▶ Exercise requirements: Reproduce verbatim the lines of the material below, starting at the line with "Lot of 24 Risque" and ending at the line with "1950s Vintage French", both inclusive; skip the rest.

▶ Input:
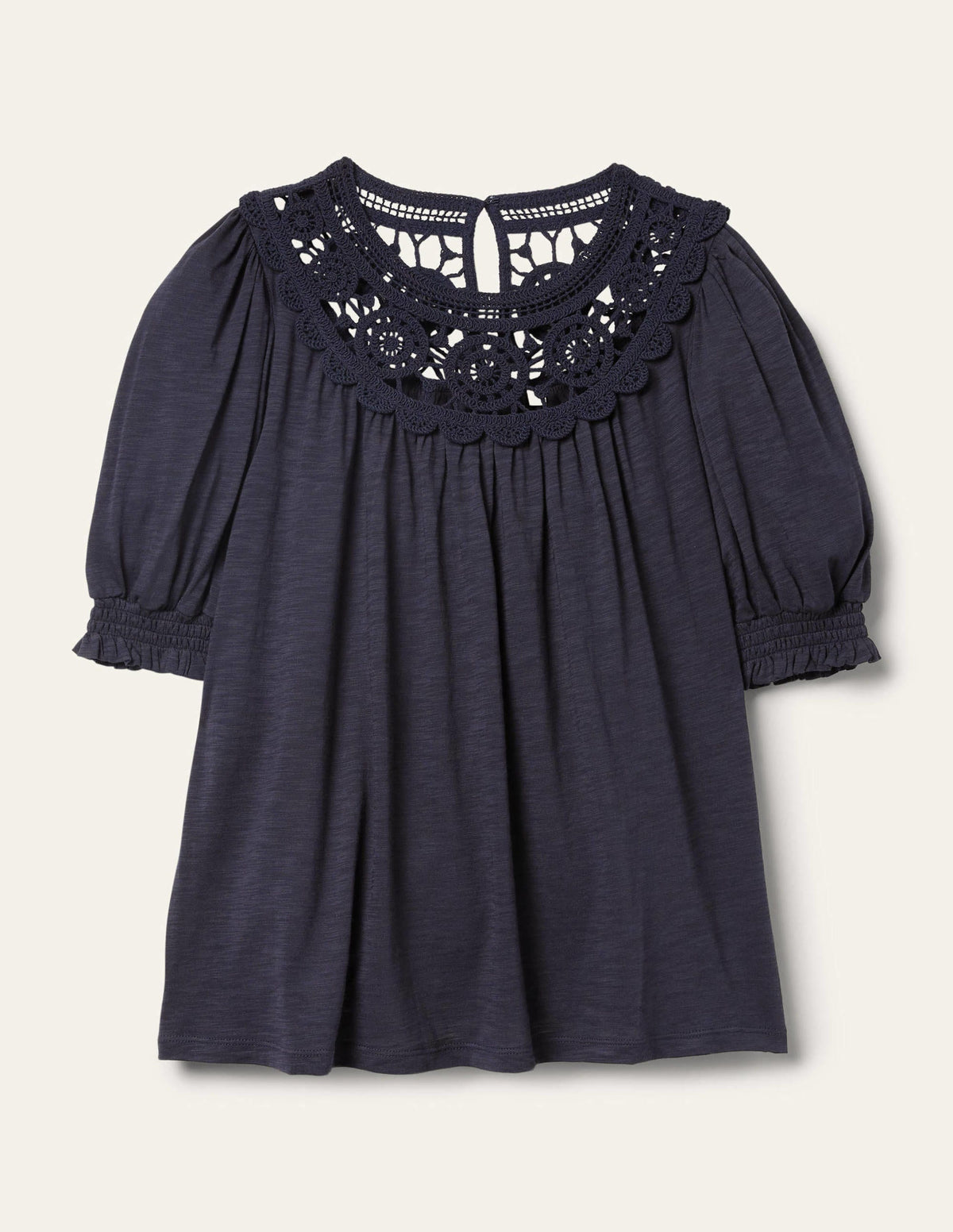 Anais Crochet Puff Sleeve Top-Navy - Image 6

...

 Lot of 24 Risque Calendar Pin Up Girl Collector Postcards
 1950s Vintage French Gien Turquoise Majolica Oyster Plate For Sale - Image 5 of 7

==

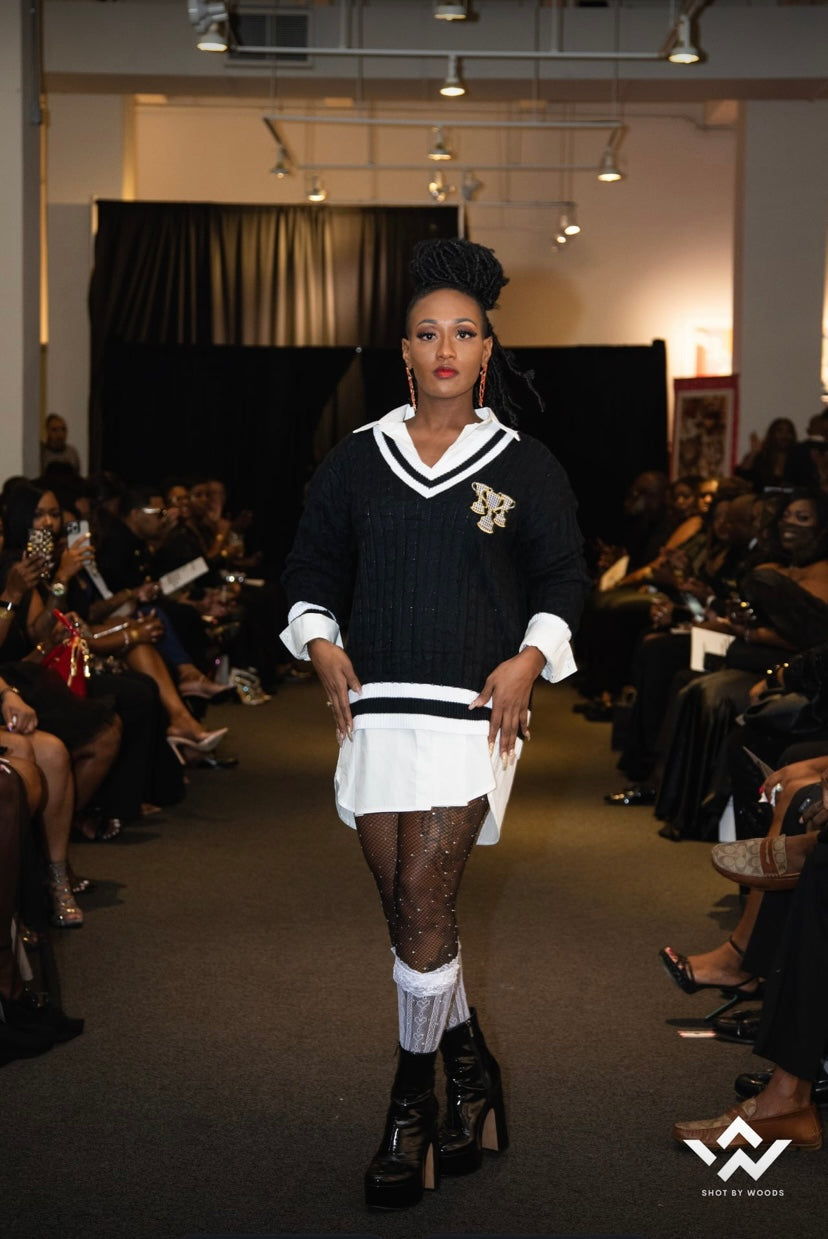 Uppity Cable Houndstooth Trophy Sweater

▶ Exercise solution:
 Lot of 24 Risque Calendar Pin Up Girl Collector Postcards
 1950s Vintage French Gien Turquoise Majolica Oyster Plate For Sale - Image 5 of 7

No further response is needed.